**What to produce:** Reproduce the listing below as it stands. Leave out each image.

**Provided records:**
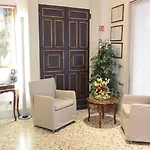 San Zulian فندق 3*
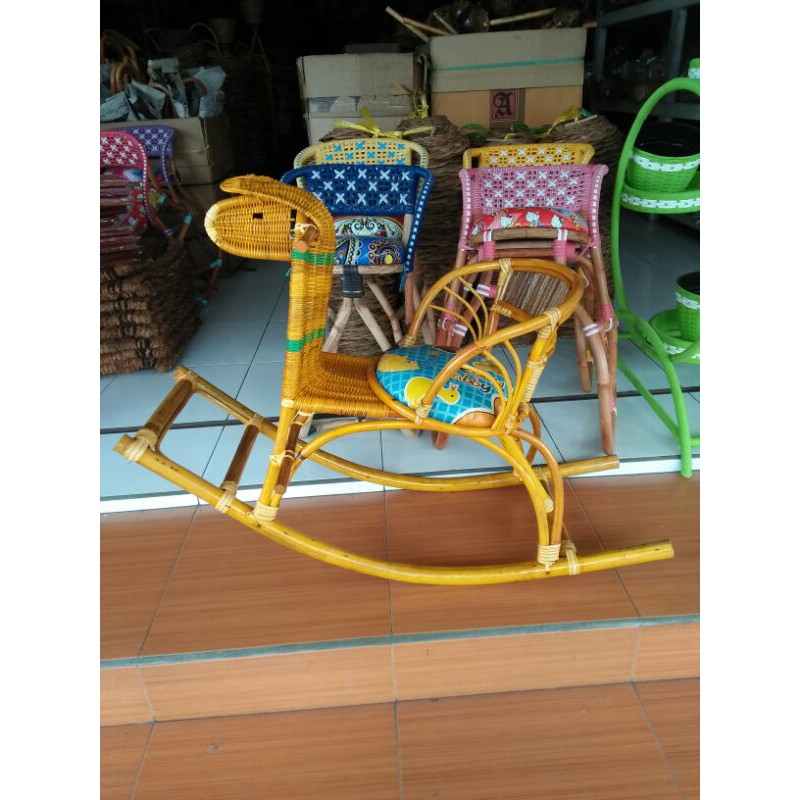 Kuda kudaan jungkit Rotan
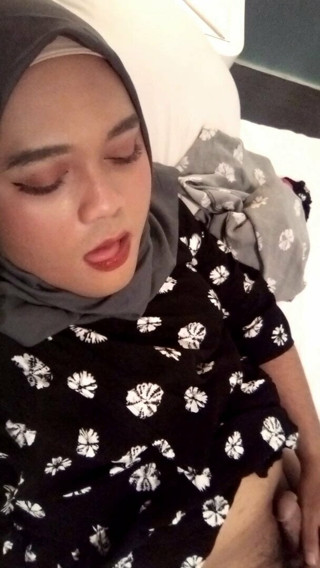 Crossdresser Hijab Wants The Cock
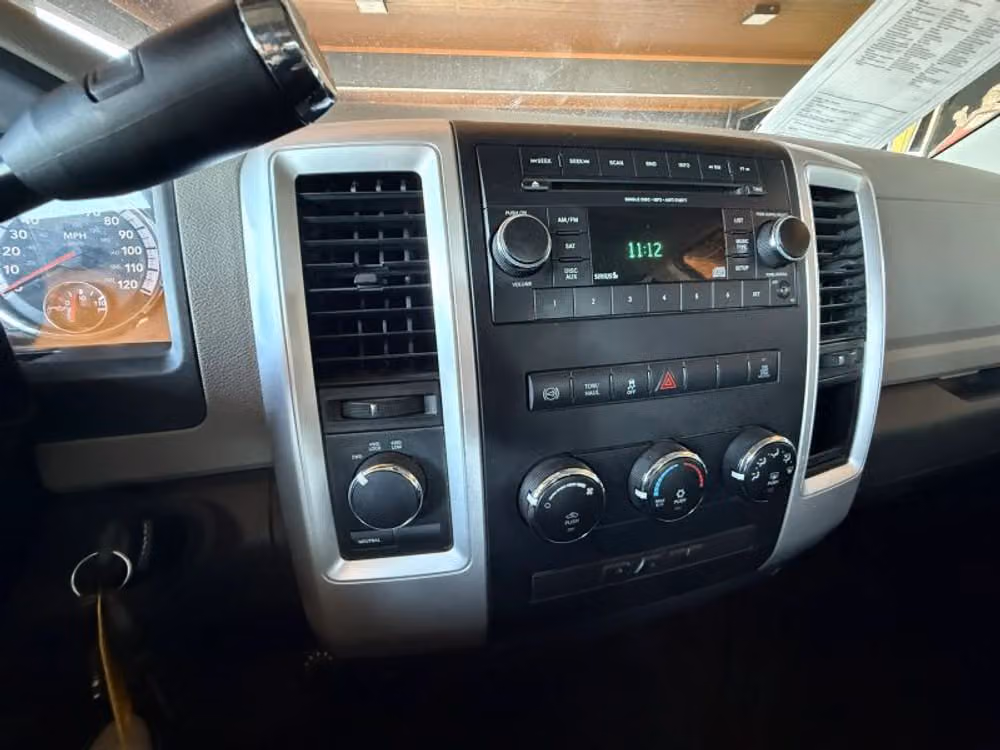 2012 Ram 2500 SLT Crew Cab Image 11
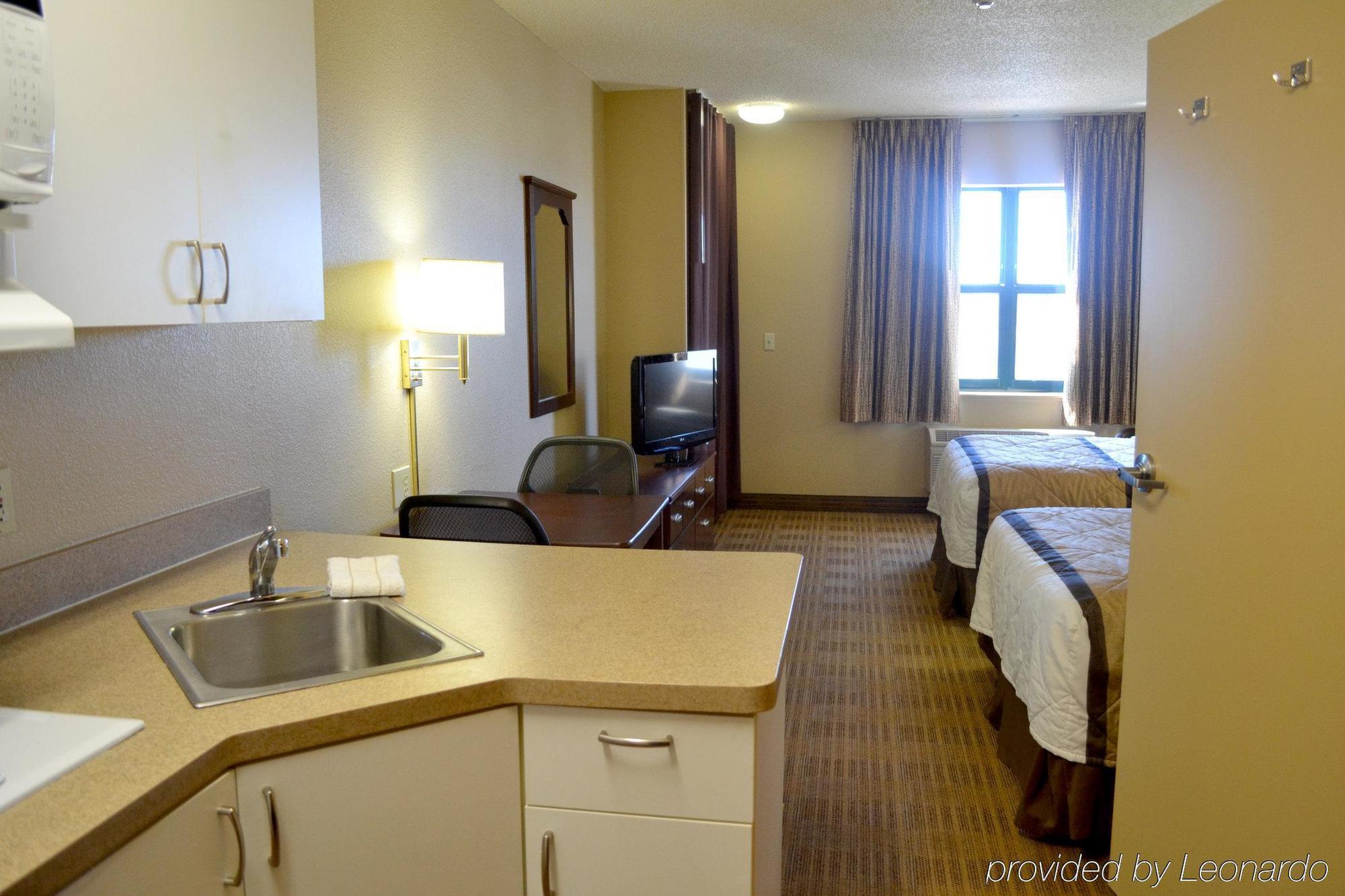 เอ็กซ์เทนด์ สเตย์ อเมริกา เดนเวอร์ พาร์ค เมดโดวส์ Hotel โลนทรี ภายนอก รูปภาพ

**Response below:**
 San Zulian فندق 3*
 Kuda kudaan jungkit Rotan
 Crossdresser Hijab Wants The Cock
 2012 Ram 2500 SLT Crew Cab Image 11
 เอ็กซ์เทนด์ สเตย์ อเมริกา เดนเวอร์ พาร์ค เมดโดวส์ Hotel โลนทรี ภายนอก รูปภาพ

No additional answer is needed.